7.2 Client Indemnification. Client will indemnify, defend, and hold WORKLAND harmless from and against all third-party claims, and all losses, damages, liabilities, and expenses, in each case, that are paid or payable to such third parties resulting from such claims (including reasonable attorneys’ fees and expenses), to the extent arising out of or resulting from any third-party claim or allegation that the Client Data and/or Client’s provision thereof to WORKLAND violates such third-party’s patent, trademark, trade secret, copyright, or other intellectual property or proprietary right(s), or any claim that Client has violated any applicable law(s), regulation(s), or the rights of any employee or candidate.’
7.3 Indemnification Procedure. As a condition to the indemnifying party’s obligations pursuant to this Section 7, the indemnified party must: (i) promptly notify the indemnifying party in writing of all indemnifiable claims; (ii) provide the indemnifying party with reasonable assistance to settle or defend such claims, at the indemnifying party’s own expense; and (iii) grant to the indemnifying party the right to control the defense and/or settlement of such claims, at the indemnifying party’s own expense; provided, however, that: (1) the failure to so notify, and/or provide assistance will only relieve the indemnifying party of its obligation to the indemnified party to the extent that the indemnifying party is prejudiced thereby; (2) the indemnifying party will not, without the indemnified party’s consent (such consent not to be unreasonably withheld or delayed), agree to any settlement that: (x) makes any admission of wrongdoing on behalf of the indemnified party; or (y) consents to any injunction against the indemnified party (except an injunction relating solely to the indemnified party’s continued use of any infringing Service); and (3) subject to the foregoing, the indemnified party will have the right, at its expense, to participate in any indemnifiable claim and to be represented by legal counsel of its choosing, but will have no right to settle a claim without the indemnifying party’s written consent.

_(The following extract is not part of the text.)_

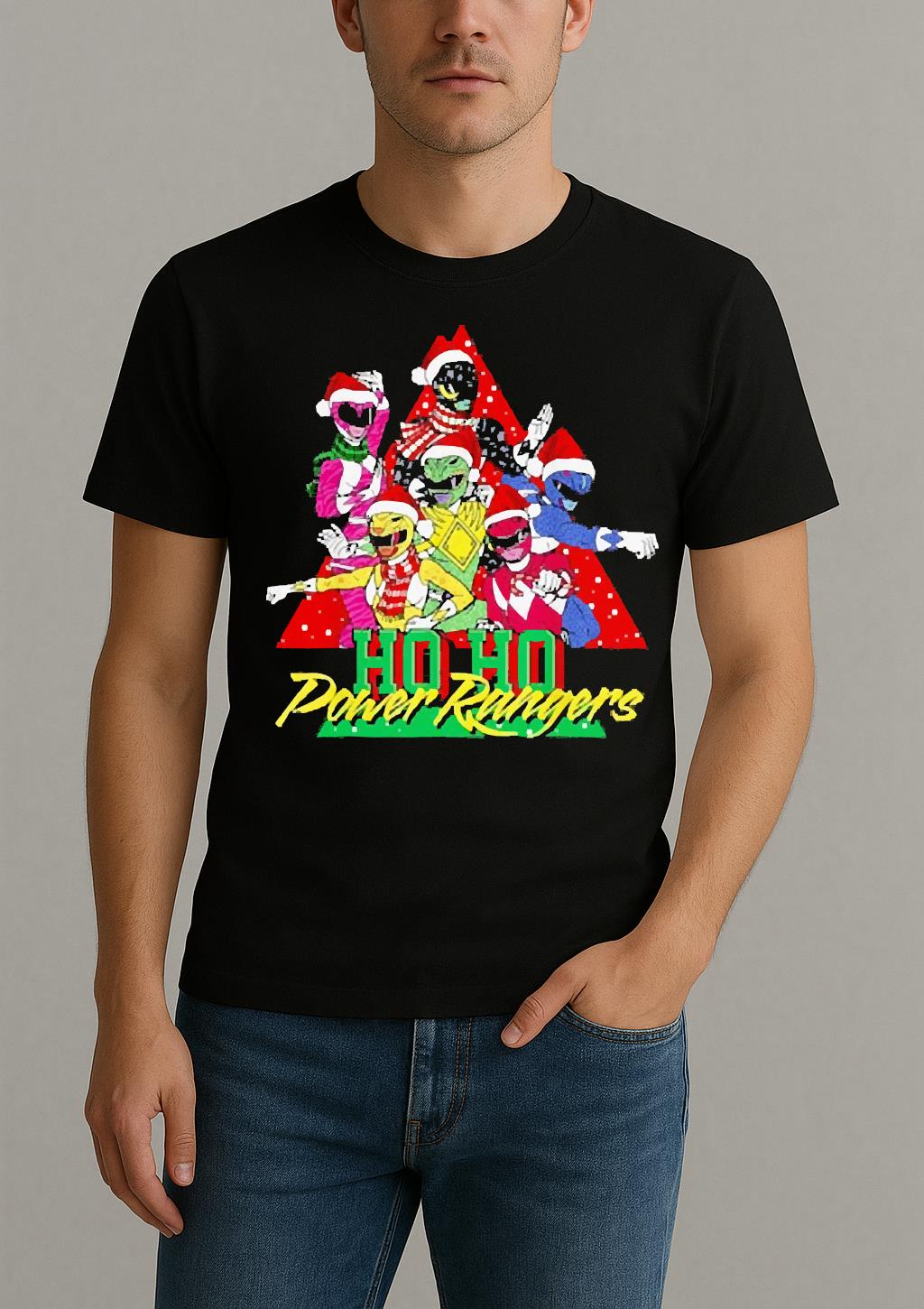 Power Rangers Christmas Ho Ho Power Rangers Premium Shirt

7.4 Sole Remedy. THIS SECTION 7 SETS FORTH CUSTOMER’S SOLE REMEDIES AND WORKLAND’S SOLE LIABILITY AND OBLIGATION FOR ANY ACTUAL, THREATENED, OR ALLEGED CLAIMS THAT THE SERVICES INFRINGE, MISAPPROPRIATE, OR OTHERWISE VIOLATE ANY INTELLECTUAL PROPERTY RIGHTS OF ANY THIRD PARTY.
8. Limitation of Liability.
8.1 Limitation of Damages. EXCEPT WITH RESPECT TO BREACHES OF SECTION 5 OF THIS AGREEMENT, NEITHER PARTY WILL BE LIABLE FOR ANY INDIRECT, SPECIAL, INCIDENTAL, PUNITIVE OR CONSEQUENTIAL DAMAGES OF ANY KIND (INCLUDING LOST PROFITS), REGARDLESS OF THE FORM OF ACTION, WHETHER IN CONTRACT, TORT (INCLUDING NEGLIGENCE), STRICT LIABILITY OR OTHERWISE, EVEN IF INFORMED OF THE POSSIBILITY OF SUCH DAMAGES IN ADVANCE.
8.2 Limitation of Liability. EXCEPT FOR LIABILITY ARISING OUT OF A PARTY’S INDEMNITY OBLIGATIONS, GROSS NEGLIGENCE, FRAUD OR WILLFUL MISCONDUCT, IN NO EVENT WILL EITHER PARTY OR THEIR RESPECTIVE DIRECTORS, OFFICERS, AGENTS, OR EMPLOYEES, BE LIABLE TO THE OTHER PARTY FOR ANY REASON, WHETHER IN CONTRACT OR IN TORT, FOR ANY CLAIMS, SUITS, LIABILITY OR DAMAGES ARISING OUT OF OR BASED UPON THIS AGREEMENT, IN THE AGGREGATE, EXCEED THE GREATER OF THE AMOUNT ACTUALLY PAID BY CUSTOMER TO WORKLAND UNDER THIS AGREEMENT IN THE TWELVE (12) MONTHS PRECEDING THE FIRST INCIDENT OUT OF WHICH THE LIABILITY AROSE, OR FIVE HUNDRED CANADIAN DOLLARS ($500) REGARDLESS OF THE FORM IN WHICH ANY LEGAL OR EQUITABLE ACTION MAY BE BROUGHT.
8.3 Limitation of Claims. Any claim or cause of action arising out of or related to use of the Service or to the Agreement must be filed within one (1) year after such claim or cause of action arose, or be forever waived.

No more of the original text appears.